■ Your objective
Could you please retype all of the records exactly, skipping any pictures?

■ Supplied entries
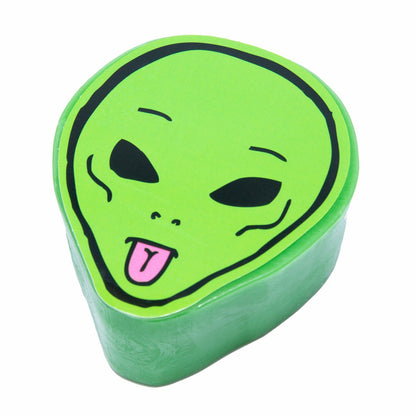 Lord Alien Skate Wax (Green) - Ripndip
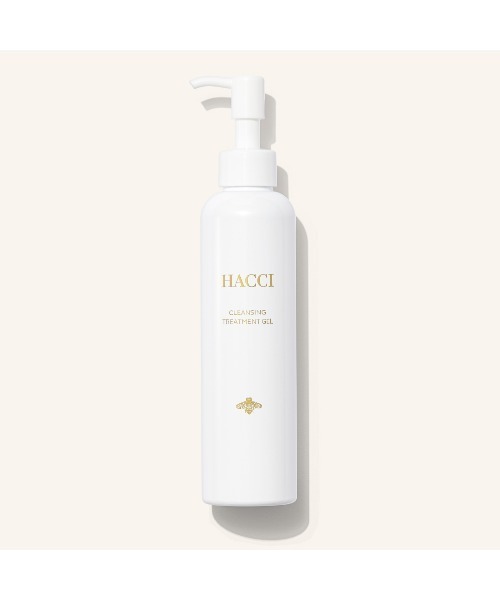HACCI クレンジング ハッチ hacci HACCI(ハッチ)クレンジング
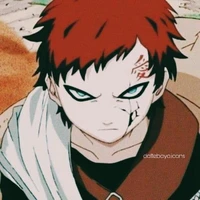 Gaara
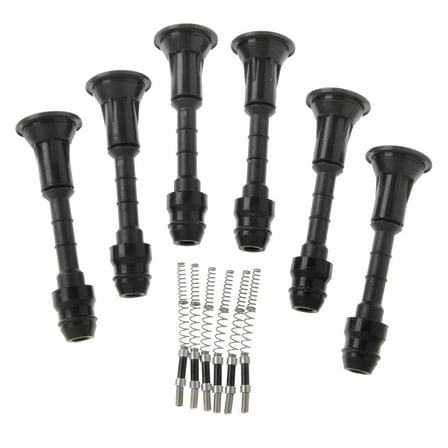 Standard Motor Products CPBK430 Direct Ignition Coil Boot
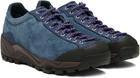 Diemme Blue Movida Sneakers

■ Result of this exercise
 Lord Alien Skate Wax (Green) - Ripndip
HACCI クレンジング ハッチ hacci HACCI(ハッチ)クレンジング
 Gaara
 Standard Motor Products CPBK430 Direct Ignition Coil Boot
 Diemme Blue Movida Sneakers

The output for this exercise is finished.